La prova preselettiva è prevista giovedì 17 novembre al palazzetto dello sport di San Rocco Castagnaretta a Cuneo: passeranno i primi 60 e i pari merito, che poi dovranno superare una prova scritta, una teorico-pratica e una orale.
Tanti gli argomenti di studio: dalle nozioni di diritto amministrativo e penale, alla legislazione specifica sull'attività di operatore dell'area di vigilanza a quella nazionale e regionale in materia di aree protette e tutela ambientale. Ma anche le norme in materia di gestione faunistica, la legislazione in materia venatoria, sulla pesca e sulle acque.
“Ci aspettavamo 4/500 candidati – commenta il presidente del Parco Piermario Giordano -. Siamo andati ben oltre le previsioni. In effetti è la prima volta che facciamo un bando di concorso come Ente Alpi Marittime. Sono numeri che leggo con soddisfazione e che interpreto come un premio alla montagna”.
I posti disponibili sono soltanto cinque, che saranno assegnati presso una delle sedi operative dell’Ente (Entracque, Chiusa Pesio] e presso la sede di servizio a Briga Alta (Carnino).
Come riporta il bando,“le figure ricercate svolgeranno in via prevalente le attività inerenti all’area di vigilanza curando il rispetto di norme nazionali, regionali e di regolamenti, con particolare riferimento alle norme in materia ambientale limitatamente al territorio di competenza delle aree gestite dall’Ente”. Un profilo che si configura come agente di polizia giudiziaria che sarà chiamato “a provvedere al monitoraggio naturalistico ed ambientale, collaborando alla gestione faunistica, forestale e floristico-vegetazionale nonché coadiuvando nelle attività di gestione e ricerca ambientale, di promozione, di fruizione e di educazione ambientale”.

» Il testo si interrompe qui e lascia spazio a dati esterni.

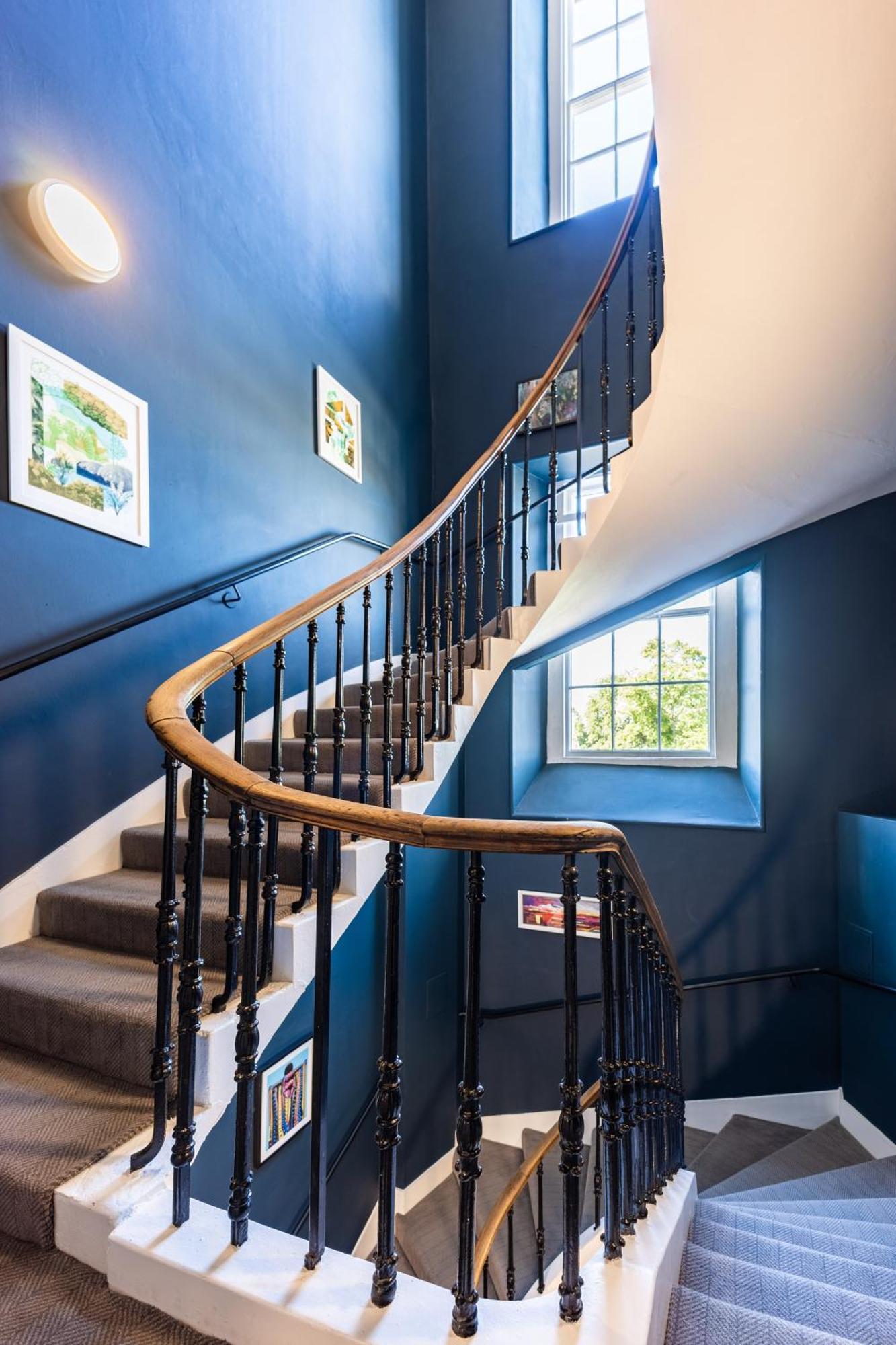 No1 - George Iv Bridge Apartment *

“Non appena il bando è stato pubblicato abbiamo ricevuto richieste di informazioni da ogni dove, soprattutto da parte di persone giovani che vogliono venire a lavorare in montagna – conclude il presidente Giordano -. Questo ritorno alle Terre Alte è importante. Ed è per noi una bella notizia che tanti abbiano scelto il nostro Ente. Siamo nel pieno ricambio generazionale. Spiace che i posti siano limitati, ma attiveremo anche una graduatoria da cui si potrà eventualmente attingere in caso di necessità”.